Obviously when it comes to saving resources the bottom dollar is often in acquisitions or subscriptions, and people in the sample were experiencing this at different levels. Quite a few noted that careful consideration of where to cut subscriptions was needed, so as to impact on services as little as possible. Others noted the need to review all subscriptions, especially standing orders that have continued unnoticed for years. Again an attitude of question everything was visible.
The final major area identified for review was outsourcing functions that are no longer cost efficient to carry out in house. This was the first appearance of a theme that would be replicated in later questions, identifying book acquisition, processing and cataloguing as the perceived most cost inefficient process carried out in house. Reducing this or outsourcing it completely was considered to be a most desirous option.
Time Saving (slides 7-8)
The next question looked at saving time, bringing efficiencies that in themselves would aid in that old adage of doing more with less resource. The highest proportion of people responded that change to processes and procedures were the most frequently encountered option, along with outsourcing some activities. The idea of making labyrinthine and time worn procedures more efficient I’m sure is many a manager’s most heartfelt desire. Following on from that suggestions were made again to either remove the cataloguing staff or buy in more shelf ready books, reducing the need for the same levels of cataloguing and acquisitions staff as are currently employed.

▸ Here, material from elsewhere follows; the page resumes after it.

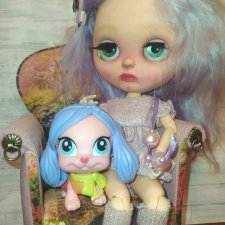 Питомец для Вайолет.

For the library staff as a whole many respondents identified that there was a need for less silos, for people to be able to work across roles and sections, ignoring old demarcations. This flexibility would help fill gaps and ensure that the work of the organisation as a whole was more leanly operated. Naturally though quite a few people noted that not all library staff would be able to handle the stresses of changes to their routine, and that careful management of this kind of change was needed. However, in a era of financial restrictions there is was an identified need to run library staff along more corporate and business like lines – less touchy-feely and more hardnosed and robust.
Allied to this idea of flexibility were quite a few respondents suggesting that static service points, with infrequent customers, was not the best way to deploy what staff there were. The introduction of self service and return was an opportunity to free these staff up for more essentially, and potentially more satisfying, roles. There were also quite a few people saying that time could be saved by migrating as many paper based or hands on services online, given the easy availability of technologies to help facilitate that.
Next post I’ll look at what people considered were the most effective but least disruptive changes they would personally like to make, along with their perceptions of the impact of the traditional approaches.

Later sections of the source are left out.